やがて、クロウは最後の疑問を紡ぐ事を決心した。
どんな答えが返ってくるのか、想像もできない。そしてその答えにより自分がどうなるのかも。
「最後に一つ、答えて欲しい」
先程、目の前のレノアが言った事が本当なら、自分の思考も読まれている筈だ。それでも、クロウはあえて、疑問を口にしようと思った。
「何故。レノアの姿をしている」
「…あなたに賭けようと思ったからです」
そういったレノアの表情は、確固たる覚悟を物語っていた。
その表情に、クロウは内心で激しい焦燥を感じつつも、再度問い続ける。
「それは…一体何の賭けなんだ…!?」
「彼――タナトスの計画通りに動きながら、それでも尚タナトスの計画を打破するには、あなたが必要だった。

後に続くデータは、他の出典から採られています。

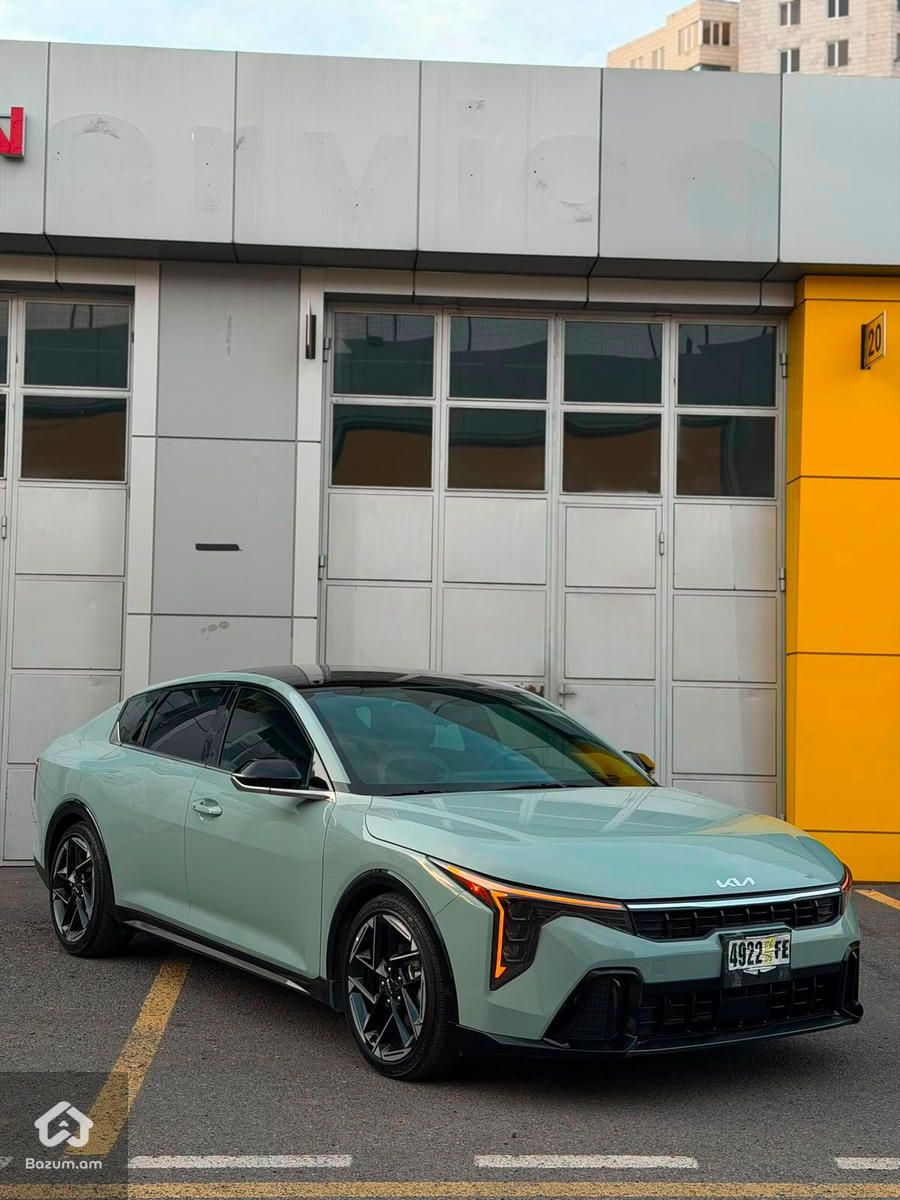 Kia K4 - image 2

だから…あなたの破滅しそうな精神を救うには、レノア・エリュシオンが必要だったのです」
レノアの言葉を聞いて、クロウは再び、あの嵐の夜の事を思い浮かべる。
「そうか…確かにあの時、君が現れなければ、俺はもう…死んでいたかもしれない」
俯いて、クロウはそう呟いた。
これで疑問は全て解けた。
そして、全ての元凶だった古き神々の一人・タナトスは、先程ノアが自分の命と引き換えに消滅させたのだ。
これで、自分ができる事はもう何もない。そう感じていた。

イデアには、何かが引っかかっていた。
レノア・エリュシオンの姿をした、目の前にいる人物。その表情、その口ぶりから、タナトスが最大の懸念事項だったように感じられるのだが、その顔から緊張感は消えていない。先程までは、その顔に浮かぶ緊張はロックマン・ミラージュに真実を話さなければならない事からくるものだと思っていたのだが。
この分だと、ロックマン・ミラージュの方は大丈夫そうだ。なのに、やはりレノアの表情からは緊張感が消える気配は無い。
だからイデアは、疑問を口にした。
「僕からも一つ聞きたい」
レノアが、視線を向ける。
「タナトスの『糸』がヘブンに移動した理由だ」
その質問も、彼女は予想していたようだった。

横にいたイデアの発した質問に、レノアの表情が僅かに曇ったようにクロウには感じられた。
レノアは、僅かに間を置くと、言葉を紡ぐ。
「待っていたからです。『彼』が」

その瞬間、クロウとイデアの背後で、マスタールームのゲートが開いた。

反射的に振り向いたクロウの目に、予想外の人物が立っていた。

血と埃に塗れたアーマーとマント、そして頭に被ったフード。
フードから除く銀髪。クロウと同じ位の背丈。
その顔を覆う、銀色の仮面。

クロウは数時間前に、その人物が死ぬ所を見ていた。
しかし不思議と、生きて目の前に現れた事を、受け入れている自分もいた。
死んだ筈の者が目の前に現れた事が、今までに幾度もあったからかもしれない。

覚悟と共に、クロウはその人物の名を呼んだ。
ほぼ同時に横にいるイデアも、そこにいる人物の名を呼んだ。

「ロード…!」
「タナトス」

同じ人物を見ている筈の二人が、それぞれ別の名を呼ぶ。

これが、最期の戦いの、幕開けの合図だった。